Women: Stabilising an insecure world

DISCLAIMER: All opinions in this column reflect the views of the author(s), not of EURACTIV Media network.

Despite general consensus over the need to protect and empower women, they remain under-represented in politics and marginalised in decision-making throughout the world, write EU Commissioners Benita Ferrero-Waldner and Margot Wallström ahead of International Women’s Day on 8 March.

Benita Ferrero-Waldner is EU Commissioner for External Relations and European Neighbourhood Policy, while Margot Wallström is Commission Vice President responsible for communications and institutional relations. 

“As we write this, in the spring of 2008, it is hard to imagine a world without war. Every day, we hear reports of new conflicts, escalating tension and violence. And in any situation of insecurity, from war to health threats to climate change, women are often disproportionately affected because of their traditionally more vulnerable position in society. 

80 percent of the world’s refugees are women and children. Sexual violence and rape are prevalent in regions of war as well as in refugee camps. We cannot talk about the role of women in conflict resolution without acknowledging this terrible reality. At the same time, we need to remember that women are also key actors in promoting peace and stability. Security cannot be effectively discussed or achieved without the involvement of women. Women’s participation is crucial not only in the more traditional “hard” security spheres like war efforts, peace building, post-conflict reconstruction and counter-terrorism, but also to countering “softer” human security threats such as global epidemics, psychological health during and after war, and the emerging concerns of climate change and environmental degradation. 

On 6 March, more than 50 women leaders from all continents were in Brussels on the invitation of Commissioner Ferrero-Waldner for a discussion entitled: “Women: stabilising an insecure world”. Female heads of state, ministers, and heads of international organisations, business leaders and civil society activists discussed the twin themes of security and women’s empowerment. This international conference for women political leaders builds on recent initiatives including the meeting hosted by US Secretary of State Condoleezza Rice last September in New York and the International Women Leaders Global Security Summit last November, hosted by the Council of Women World leaders, where Commission Vice-President Margot Wallström is chairing the Council Ministerial Initiative. 

We believe the key to a stable world is sustainable development.
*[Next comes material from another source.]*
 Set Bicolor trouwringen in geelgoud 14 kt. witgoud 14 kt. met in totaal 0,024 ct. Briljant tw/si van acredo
It is about stabilising an insecure world and finding the right combination of economic growth and social progress, while at the same time caring for our planet. 

Without education you cannot have social stability. Yet there are currently around 100 million children not getting any education at all – and more than 70 million are girls. That we have to change. 

Another important instrument to stabilise the world is UN Resolution 1325 on Women’s Role in Peace building and security, which links gender equality to global security and acknowledges the importance of women’s voices in building lasting peace. This resolution is a milestone on the road to more gender-sensitive peace processes and security policies. Though the implementation of the resolution is a long-term political process, it must receive more attention throughout the EU and in the various member states, in particular among decision-makers in the fields of foreign, defence, security and development policy. Since the adoption of the resolution in 2000, awareness of the importance of including women in the peace and reconstruction process has grown. Yet the implementation of its mandate remains sporadic and ad hoc. 

Women make a difference, in part because they adopt a more inclusive approach toward security and address key social and economic issues that would otherwise be ignored. Women can make peace agreements and post-conflict efforts more viable, effective, and practical by engaging in a wide variety of actions, including but not limited to participating in peace talks, rehabilitating children associated with armed groups, convening people across conflict lines to discuss common concerns such as access to clean water and advocating budget priorities that emphasise social services rather than military expenditures. 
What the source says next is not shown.